↓
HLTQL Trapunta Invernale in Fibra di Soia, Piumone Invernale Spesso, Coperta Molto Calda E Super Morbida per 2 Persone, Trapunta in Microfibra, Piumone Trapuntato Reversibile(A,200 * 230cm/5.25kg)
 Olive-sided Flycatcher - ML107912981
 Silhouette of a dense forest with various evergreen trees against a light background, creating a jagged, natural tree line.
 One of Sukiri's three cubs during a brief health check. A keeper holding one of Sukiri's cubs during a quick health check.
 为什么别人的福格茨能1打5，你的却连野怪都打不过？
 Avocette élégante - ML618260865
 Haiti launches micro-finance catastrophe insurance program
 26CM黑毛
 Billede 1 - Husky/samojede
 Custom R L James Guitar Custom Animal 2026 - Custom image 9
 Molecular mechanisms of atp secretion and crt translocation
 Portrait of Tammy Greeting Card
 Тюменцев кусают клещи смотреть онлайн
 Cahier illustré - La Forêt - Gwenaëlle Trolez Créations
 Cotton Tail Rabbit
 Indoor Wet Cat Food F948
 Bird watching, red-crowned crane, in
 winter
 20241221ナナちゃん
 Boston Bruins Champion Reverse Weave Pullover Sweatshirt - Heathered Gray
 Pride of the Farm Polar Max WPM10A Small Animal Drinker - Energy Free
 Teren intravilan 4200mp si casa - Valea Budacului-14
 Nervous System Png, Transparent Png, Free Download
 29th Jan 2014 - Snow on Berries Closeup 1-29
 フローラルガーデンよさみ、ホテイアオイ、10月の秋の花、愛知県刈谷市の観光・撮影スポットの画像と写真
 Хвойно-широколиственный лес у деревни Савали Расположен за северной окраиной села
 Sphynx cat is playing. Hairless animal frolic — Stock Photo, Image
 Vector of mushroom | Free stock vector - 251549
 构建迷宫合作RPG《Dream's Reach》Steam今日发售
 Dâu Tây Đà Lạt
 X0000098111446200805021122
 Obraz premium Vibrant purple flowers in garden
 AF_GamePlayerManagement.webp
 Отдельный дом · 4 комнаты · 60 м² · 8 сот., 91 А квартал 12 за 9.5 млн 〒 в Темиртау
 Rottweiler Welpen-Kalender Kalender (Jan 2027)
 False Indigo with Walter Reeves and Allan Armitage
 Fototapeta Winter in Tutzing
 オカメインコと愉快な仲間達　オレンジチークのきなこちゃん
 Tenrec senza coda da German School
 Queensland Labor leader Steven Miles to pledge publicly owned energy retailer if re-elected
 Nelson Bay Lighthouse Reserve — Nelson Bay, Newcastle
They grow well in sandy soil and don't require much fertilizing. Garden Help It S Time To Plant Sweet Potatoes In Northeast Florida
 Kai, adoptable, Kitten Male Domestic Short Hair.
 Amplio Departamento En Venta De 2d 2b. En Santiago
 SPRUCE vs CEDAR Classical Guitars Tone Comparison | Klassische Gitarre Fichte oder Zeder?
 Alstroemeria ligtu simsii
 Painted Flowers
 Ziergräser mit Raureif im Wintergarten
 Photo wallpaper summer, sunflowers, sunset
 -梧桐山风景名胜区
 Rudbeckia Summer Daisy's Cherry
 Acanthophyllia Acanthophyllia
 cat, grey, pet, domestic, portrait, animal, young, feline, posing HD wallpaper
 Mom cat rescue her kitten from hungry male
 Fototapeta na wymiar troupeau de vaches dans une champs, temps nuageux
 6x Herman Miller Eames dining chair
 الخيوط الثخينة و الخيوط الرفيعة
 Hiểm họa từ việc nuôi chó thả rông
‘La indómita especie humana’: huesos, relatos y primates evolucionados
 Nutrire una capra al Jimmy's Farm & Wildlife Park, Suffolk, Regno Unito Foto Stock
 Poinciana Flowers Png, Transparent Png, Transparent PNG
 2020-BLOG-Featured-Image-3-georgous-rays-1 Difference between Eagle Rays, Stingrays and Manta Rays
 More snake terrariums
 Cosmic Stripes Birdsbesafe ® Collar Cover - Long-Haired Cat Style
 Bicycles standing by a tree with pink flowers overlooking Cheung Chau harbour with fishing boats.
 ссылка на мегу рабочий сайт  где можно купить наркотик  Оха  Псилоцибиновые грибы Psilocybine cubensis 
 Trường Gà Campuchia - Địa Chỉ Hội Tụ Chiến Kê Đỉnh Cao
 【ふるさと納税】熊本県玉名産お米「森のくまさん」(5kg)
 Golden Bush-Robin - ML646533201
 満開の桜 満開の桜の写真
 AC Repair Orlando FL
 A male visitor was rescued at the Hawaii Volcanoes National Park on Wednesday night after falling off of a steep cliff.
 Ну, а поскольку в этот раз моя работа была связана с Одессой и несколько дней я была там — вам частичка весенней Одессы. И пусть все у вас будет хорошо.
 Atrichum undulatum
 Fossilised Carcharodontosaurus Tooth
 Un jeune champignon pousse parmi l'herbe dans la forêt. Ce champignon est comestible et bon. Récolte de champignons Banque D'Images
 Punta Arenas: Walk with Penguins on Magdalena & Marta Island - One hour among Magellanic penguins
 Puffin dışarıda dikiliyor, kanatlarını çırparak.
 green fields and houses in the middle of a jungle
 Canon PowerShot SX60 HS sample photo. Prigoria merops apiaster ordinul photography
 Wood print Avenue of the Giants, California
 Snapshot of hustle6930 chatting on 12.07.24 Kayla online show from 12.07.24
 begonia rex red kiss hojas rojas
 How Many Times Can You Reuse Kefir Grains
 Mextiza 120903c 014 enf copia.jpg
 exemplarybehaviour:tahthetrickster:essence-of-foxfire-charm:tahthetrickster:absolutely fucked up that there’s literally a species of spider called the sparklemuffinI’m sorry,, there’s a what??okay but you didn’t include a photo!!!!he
↑
Your instructions: All lines in the records that contain "with" are to be copied and returned.

Task result:
 Silhouette of a dense forest with various evergreen trees against a light background, creating a jagged, natural tree line.
 False Indigo with Walter Reeves and Allan Armitage
 Bicycles standing by a tree with pink flowers overlooking Cheung Chau harbour with fishing boats.
 Punta Arenas: Walk with Penguins on Magdalena & Marta Island - One hour among Magellanic penguins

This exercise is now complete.